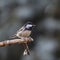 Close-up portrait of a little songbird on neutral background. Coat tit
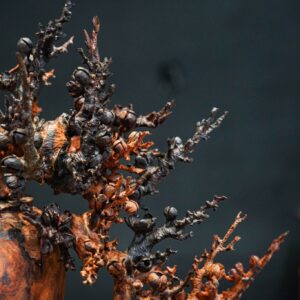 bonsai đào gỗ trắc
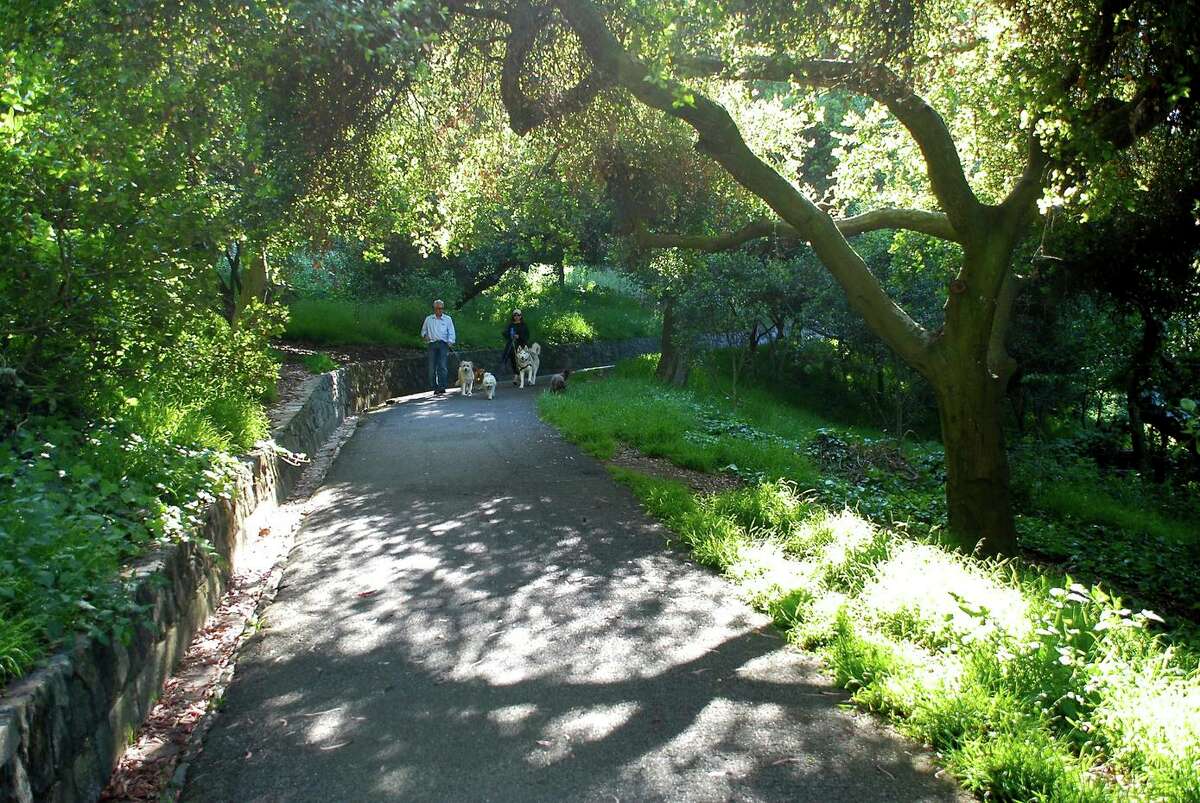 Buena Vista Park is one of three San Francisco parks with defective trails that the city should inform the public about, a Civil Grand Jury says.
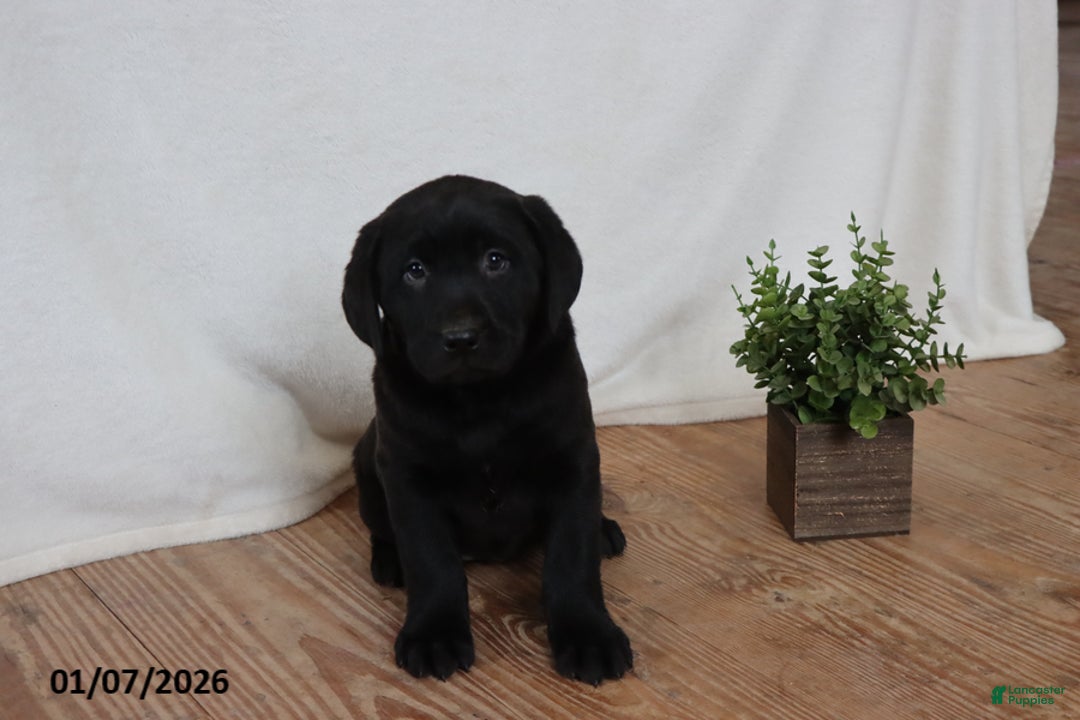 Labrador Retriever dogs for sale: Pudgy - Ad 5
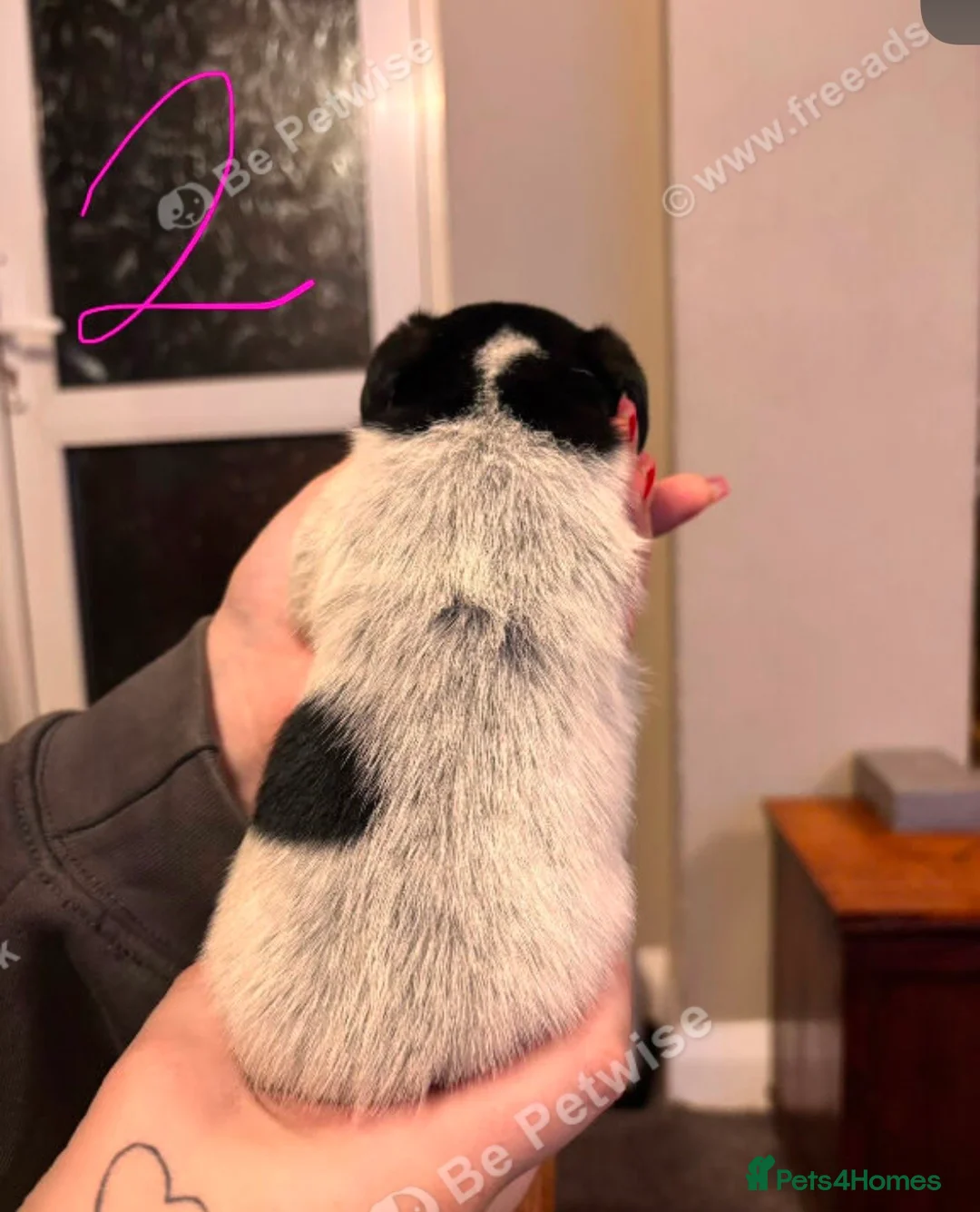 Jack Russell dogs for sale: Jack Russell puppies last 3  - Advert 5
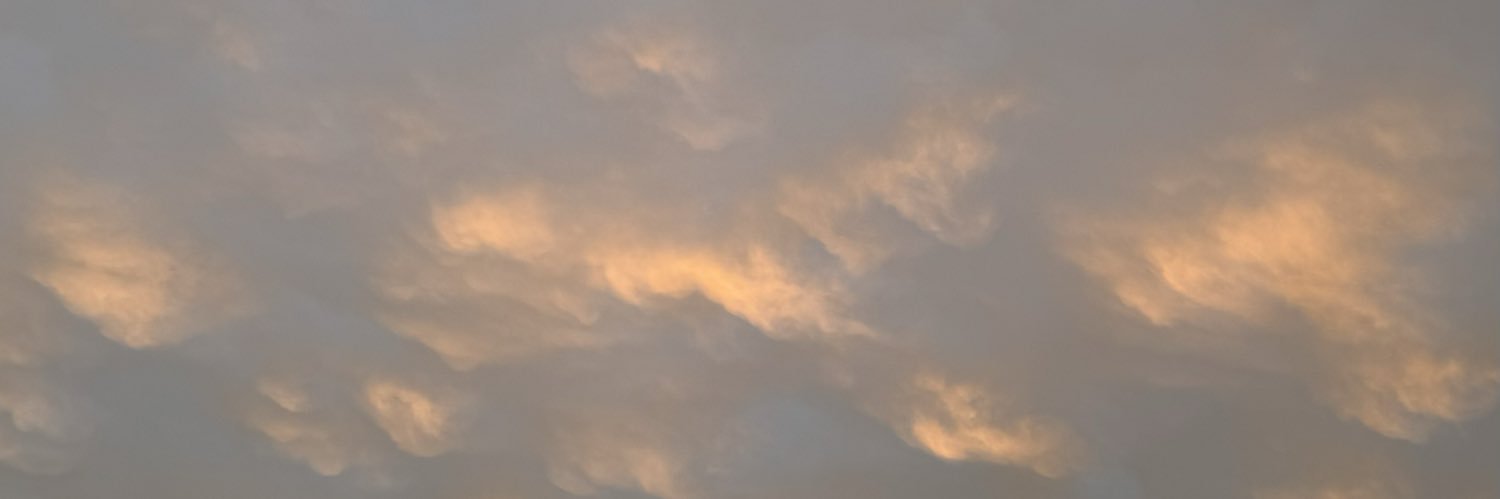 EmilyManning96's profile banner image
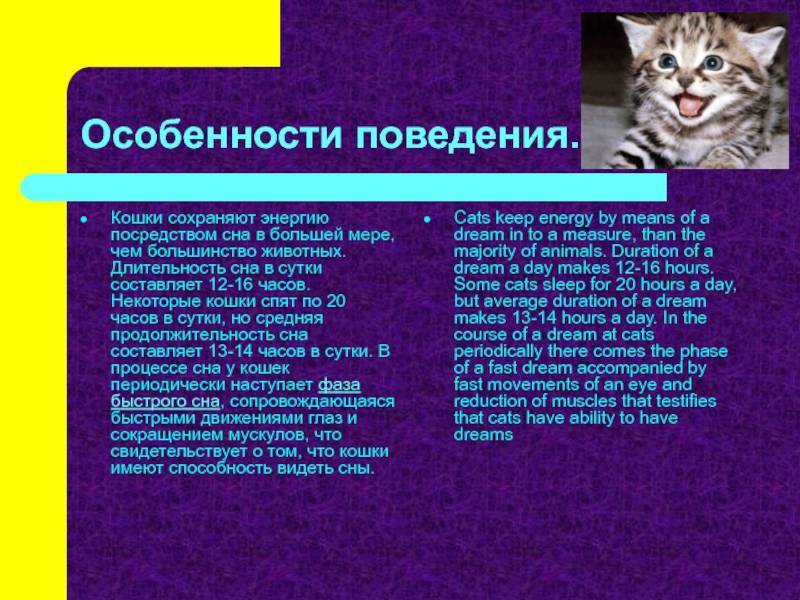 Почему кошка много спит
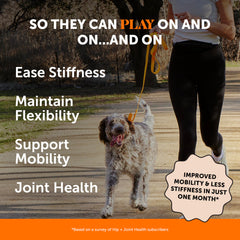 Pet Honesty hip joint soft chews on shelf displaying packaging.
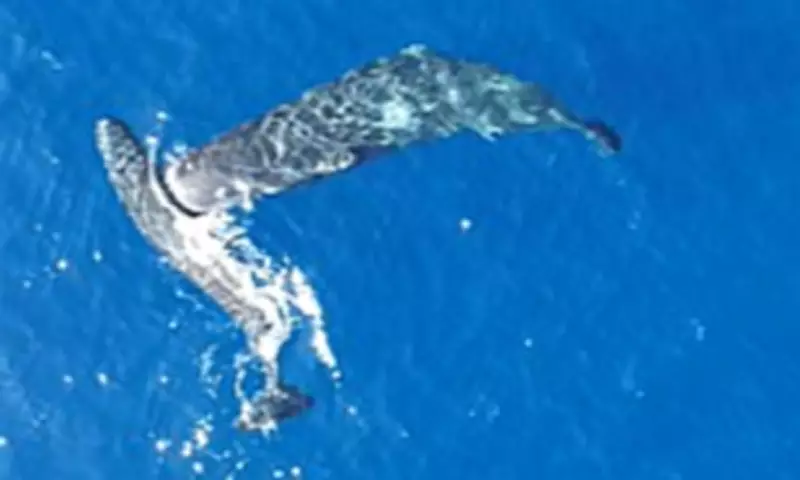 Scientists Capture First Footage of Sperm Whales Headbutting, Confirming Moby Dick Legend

WORK ITEM: Your answer should reproduce every line of the data verbatim and include no images.

WORKED SOLUTION:
 Close-up portrait of a little songbird on neutral background. Coat tit
 bonsai đào gỗ trắc
 Buena Vista Park is one of three San Francisco parks with defective trails that the city should inform the public about, a Civil Grand Jury says.
 Labrador Retriever dogs for sale: Pudgy - Ad 5
 Jack Russell dogs for sale: Jack Russell puppies last 3  - Advert 5
 EmilyManning96's profile banner image
 Почему кошка много спит
 Pet Honesty hip joint soft chews on shelf displaying packaging.
 Scientists Capture First Footage of Sperm Whales Headbutting, Confirming Moby Dick Legend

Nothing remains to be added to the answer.